» **About this exercise**:
Where the line containing "Butter Knife Bangle　No.6338" appears, start repeating, and continue exactly through the last line below, adding nothing. Include no pictures.
+++ Records to use +++
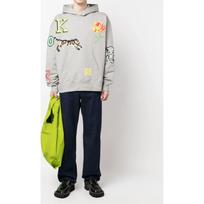 Tiesūs džinsai -vyrams, Mėlyna, Rinse asagao straight jeans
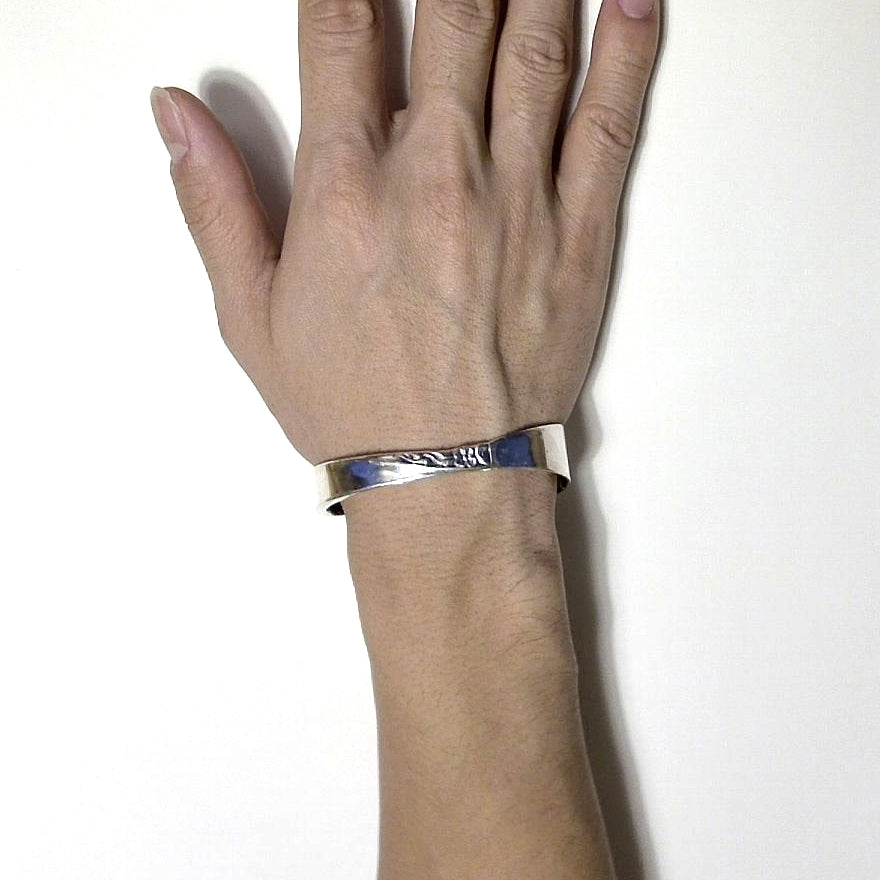Butter Knife Bangle　No.6338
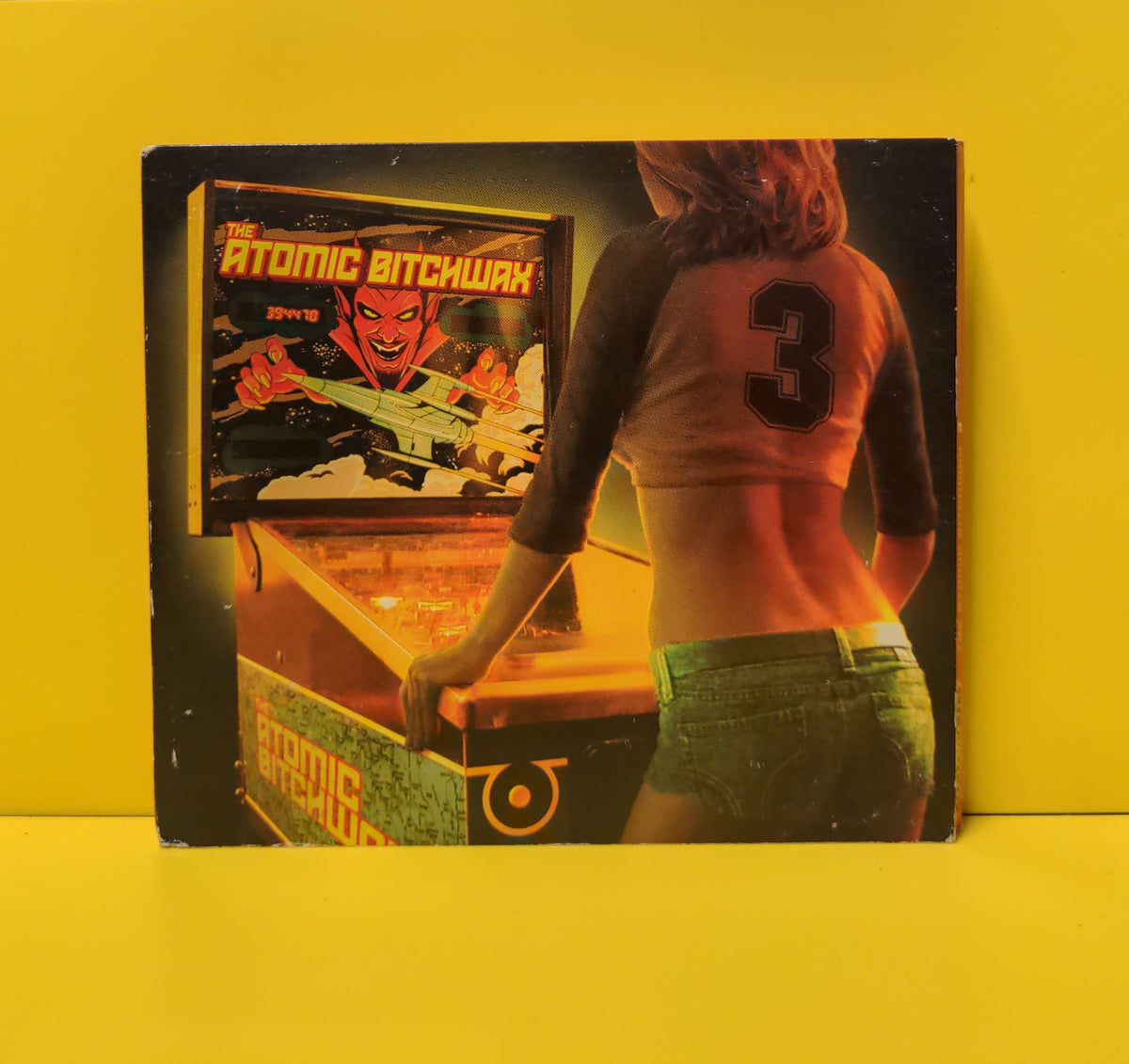 The Atomic Bitchwax - 3 - 2005 - MCY-036 - NM - CDs The Atomic Bitchwax - 3 - 2005 - MCY-036 - NM - CDs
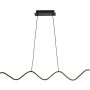Step Into Design ZIGZAG ST-MD240602 BLACK Függőlámpa 1x13W/LED 3000K 1300 lm IP20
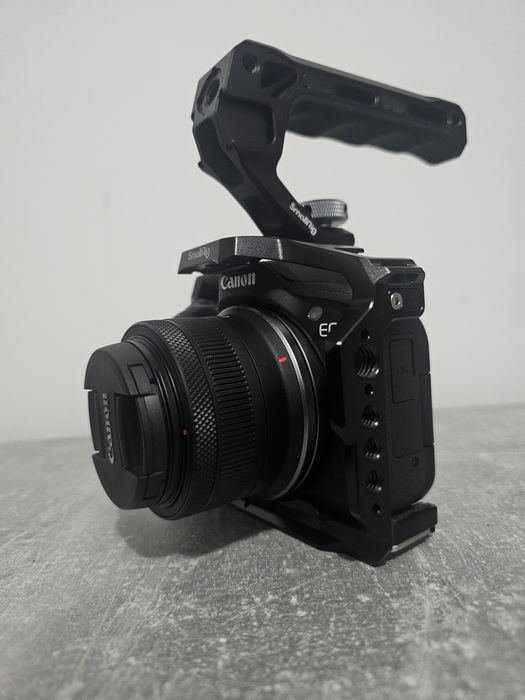 Canon kit aparat eos R50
+++
» **Answer below**:
Butter Knife Bangle　No.6338
 The Atomic Bitchwax - 3 - 2005 - MCY-036 - NM - CDs The Atomic Bitchwax - 3 - 2005 - MCY-036 - NM - CDs
Step Into Design ZIGZAG ST-MD240602 BLACK Függőlámpa 1x13W/LED 3000K 1300 lm IP20
 Canon kit aparat eos R50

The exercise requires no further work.